Connecting to raw.githubusercontent.com (raw.githubusercontent.com)|185.199.108.133|:443... connected.
HTTP request sent, awaiting response... 200 OK
Length: 934 [text/plain]
Saving to: ‘data/extract_and_cleanup.sh’


2024-04-15 02:53:58 (30.4 MB/s) - ‘data/extract_and_cleanup.sh’ saved [934/934]

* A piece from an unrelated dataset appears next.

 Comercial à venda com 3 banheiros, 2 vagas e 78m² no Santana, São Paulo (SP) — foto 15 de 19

Let now run that script to extract all our audio files in the required directory structure. This will take approx 8-10 minutes.

In [2]:
%time !(cd data && chmod +x extract_and_cleanup.sh && ./extract_and_cleanup.sh) &> /dev/null

CPU times: user 9.22 s, sys: 1.48 s, total: 10.7 s
Wall time: 7min 35s


We have only loaded audio files till now. We would also require the trancriptions and/or translations as ground truth for our evaluation. This reference textual data is provided by Hugging face 🤗 Datasets library [here](https://huggingface.co/datasets/covost2).

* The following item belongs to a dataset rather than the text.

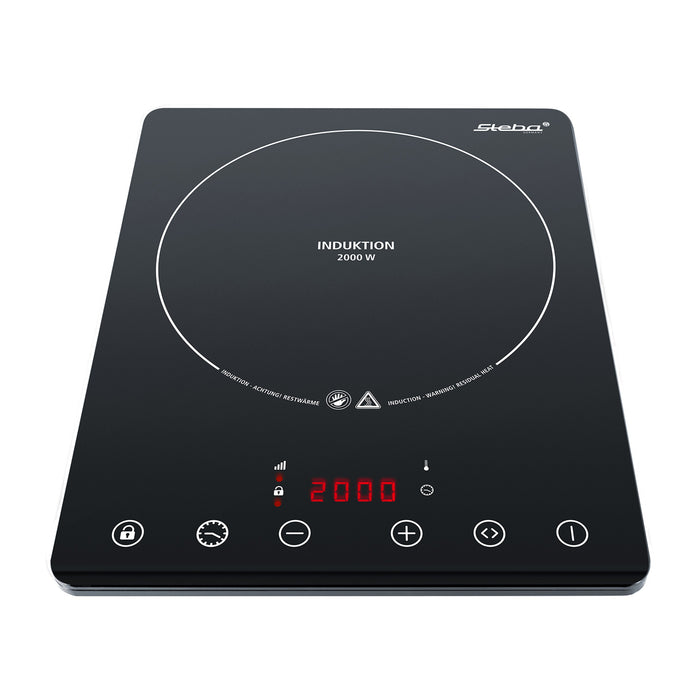 Steba IK65 Slim Inductiekookplaat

Lets try loading some language, say Catalan and see how the data looks like. Language code for Catalan is `ca`.

In [4]:
data=load_dataset("covost2","ca_en",data_dir="data/ca",split="test",trust_remote_code=True)

Downloading builder script: 100%|██████████| 6.96k/6.96k [00:00<00:00, 2.54MB/s]
Downloading readme: 100%|██████████| 24.4k/24.4k [00:00<00:00, 9.37MB/s]
Downloading data: 100%|██████████| 5.02M/5.02M [00:00<00:00, 13.7MB/s]
Generating train split: 100%|██████████| 95854/95854 [00:10<00:00, 9333.54 examples/s] 
Generating validation split: 100%|██████████| 12730/12730 [00:02<00:00, 6074.45 examples/s]
Generating test split: 100%|██████████| 12730/12730 [00:02<00:00, 5999.39 examples/s]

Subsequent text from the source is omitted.